Dark Messiah: Might and Magic for PC
Demo courtesy of Steam

The picture above pretty much sums up Dark Messiah. It's essentially all about hacking into loads of fugly orcs, goblins and hard looking blokes in armour until they fall over in a big dead heap. You can hit them, hit them harder, crush them with planks by hitting the support, kick them, kick them onto spikes and kick them off the edge of various high up places. Well, you can zap them with magic and shoot them with arrows, but these are mostly peripheral to the core concept of chopping things with swords and then booting them while they're on the floor.

As you perhaps guessed from the above paragraph, Dark Messiah is a no nonsense game. The only unwieldy elements are the skill upgrades, which end up being neglected in favour of kicking more goblins off cliffs. At first glance it seems a bit like Bethesda's classic Oblivion, and one could do worse for one's inspiration, however the similarities are largely superficial. Where Oblivion had an enormous open map to discover and pretty deep Role Playing, Dark Messiah has linear levels and the aforementioned RPG-lite level up system, where Oblivion had beauty and finesse, Dark Messiah has dank environments (even the outdoor ones) and a slightly clumsy touch. Where Oblivion had bugs, Dark Messiah, has, well, more bugs.

Still, it'd be unfair to compare it in this way as it's clearly not trying to be an Elder Scrolls game. What it's trying to be is a game where you derive fun from twatting stuff with an ever expanding arsenal of increasingly huge weapons, and to its credit, it pulls it off fairly well.

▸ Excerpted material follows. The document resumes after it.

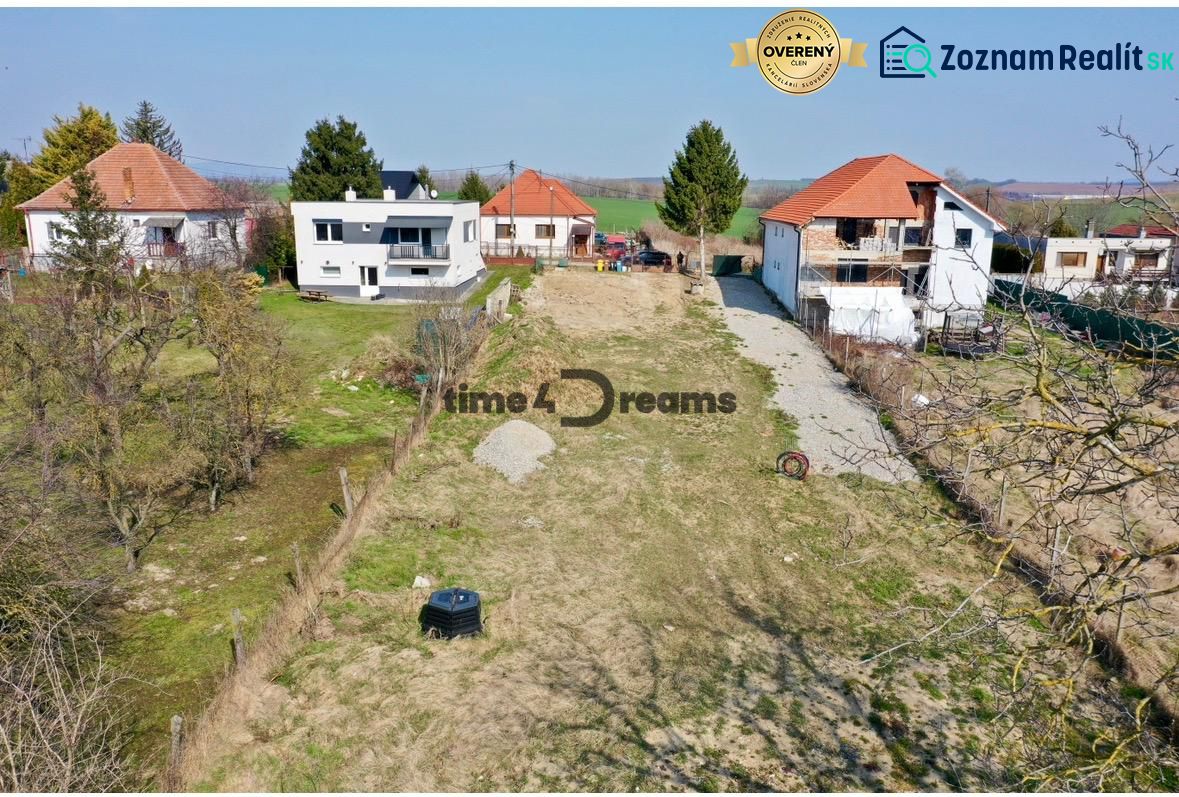 NA PREDAJ Pozemok Zbehy - Andač - Pozemky - bývanie v Andači obklopené rodinnými domami a zeleňou.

Fun was certainly to be had with all the hitting and kicking, but there was a niggling feeling that it was all pretty much the same thing over and over, with some needless fetch-questing in levels seemingly there not to break up the action, but to prevent the player from engaging in it whatsoever.

Overall, Dark Messiah looks quite nice, sounds quite nice, and plays smoothly. The combat is fun- after all stoving in big, ugly Orc faces with maces will never get old- however the game has more than its fair share of issues and there are a few niggling doubts about how much you really are enjoying yourself. Nonetheless, it's worth a whack, with the kicking itself worth the $20 alone.

One liner sum up: "Kick creature off cliff; repeat for 15 hours"

1 comment:

Sean Cole said...

Buy the game and then review it you cheap Abertard!